The obvious is the situation at Red Bull. My colleague Luke Smith penned a piece a little while back on potential replacements, and certainly Daniel Ricciardo did himself no harm this weekend with his best career weekend of qualifying and finishing seventh in the Scuderia Toro Rosso in China.
Red Bull has to wonder whether either of its Toro Rosso prospects, Ricciardo or Jean-Eric Vergne, is worthy of the jump to the main team, but this is as good a time as any for it to happen. This is Toro Rosso’s eighth season since Red Bull bought Minardi at the end of the 2005 championship, and only Sebastian Vettel has made the jump from an STR to a Red Bull race seat. Vitantonio Liuzzi went the other way from 2005 to 2006, when he made a handful of starts in Red Bull’s first season, and then raced two full years at STR.
Red Bull’s top junior prospect, and its reserve driver in China this past weekend, Antonio Felix da Costa, is also a contender. That could happen more realistically if da Costa makes his Grand Prix debut later this year. Red Bull, you’d think, would want to see da Costa in a partial season race situation – a la Ricciardo at HRT in 2011 – before making a decision on where to place him in 2014.

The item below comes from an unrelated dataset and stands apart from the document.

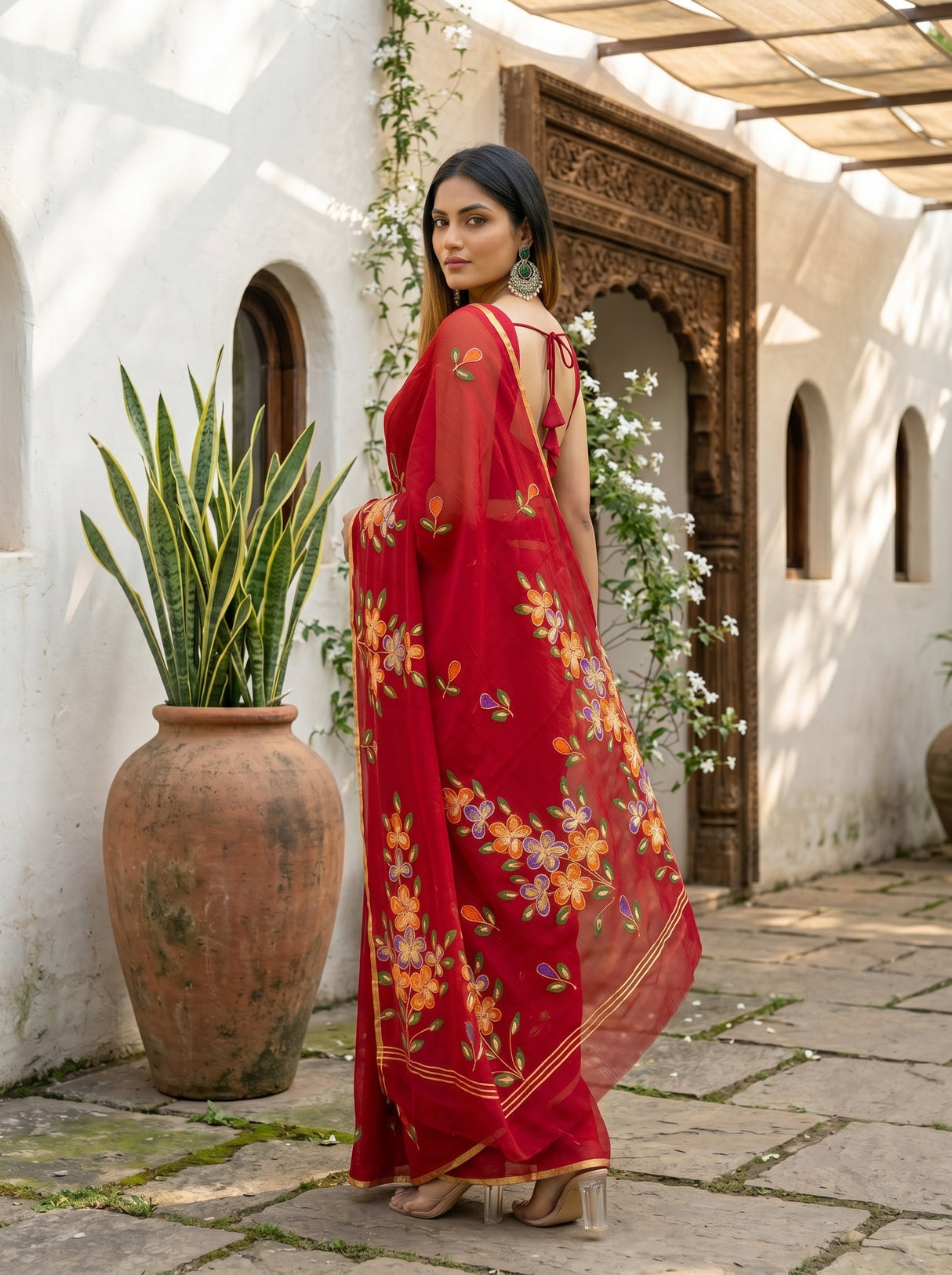 MIMOSA Saree Saree — pose 5 styling detail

Webber would join a list of ex-F1 drivers now racing in the WEC. Just this weekend at Silverstone, the list included Allan McNish, Alex Wurz, Anthony Davidson, Sebastien Buemi, Stephane Sarrazin, Nick Heidfeld, Antonio Pizzonia, Vitantonio Liuzzi, Gianmaria Bruni, Giancarlo Fisichella, Kamui Kobayashi, Pedro Lamy and Bruno Senna. McNish (LMP1), Pizzonia (LMP2) and Senna (GTE Pro) all won their respective classes.